Larry Lutz

No. 25 – California Golden Bears
- Position: Tackle
- Class: Graduate

Personal information
- Born: 1913
- Died: 1998 (aged 84–85)

Career information
- College: California (1933–1935);

Awards and highlights
- Consensus All-American (1935); 2× First-team All-PCC (1933, 1935);

= Larry Lutz =

American football player and coach (1913–1998)

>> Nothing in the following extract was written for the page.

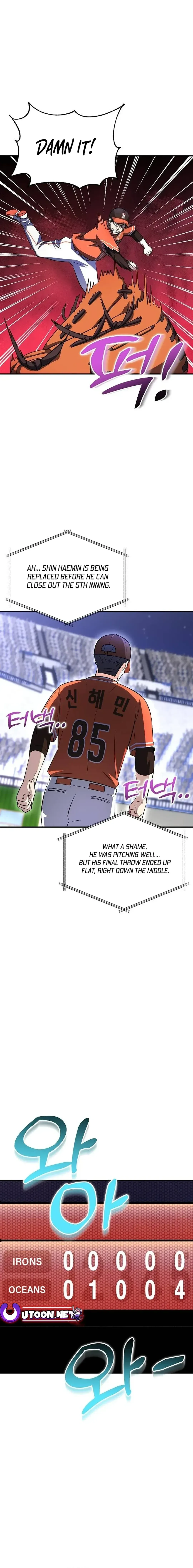 Cheonjae Tajaga Gangsokgureul Sumgim Chapter 21 page 25 -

Lawrence H. Lutz (1913–1998) was an American football player and coach. He played for the California Golden Bears football team from 1933 and 1935. He was selected as a consensus All-American at the tackle position in 1935.

==Biography==
A native of Santa Ana, California, Lutz played football for Santa Ana High School and was selected as the California high school player of the year in 1931. Lutz next enrolled at the University of California, Berkeley. He played tackle for the California Golden Bears as a sophomore in 1933 and as a senior in 1935. He was unable to play in 1934 due to an injury. As a senior in 1935, he was selected as a first-team All-American by the Associated Press, the All-America Board (a board made up of Glenn "Pop" Warner, Christy Walsh, Elmer Layden, Howard Jones and Frank Thomas), the Central Press Association (selected based on the votes of 53 college football captains), and the Walter Camp Football Foundation. He was named a second-team All-American by the United Press and is considered a consensus All-American. In selecting Lutz as an All-American, Associated Press sports editor Alan Gould wrote: "Lutz stood out among linemen on the coast, tackling fiercely and fast enough to draw out for interference when advantageous." At the end of the 1935 season, Lutz's teammates voted Lutz as the honorary captain of the 1935 team. Selected in the 1936 NFL draft, Lutz turned down an offer to play professional football with the Boston Redskins, opting to remain at the University of California as an assistant football coach working with head coach Stub Allison. Lutz also played for the Salinas Iceberg Packers from 1936 to 1937 and for the St. Mary's Pre-Flight Air Devils in 1942. Some accounts indicate he may have also played for the Calgary Bronks in the Canadian Rugby League.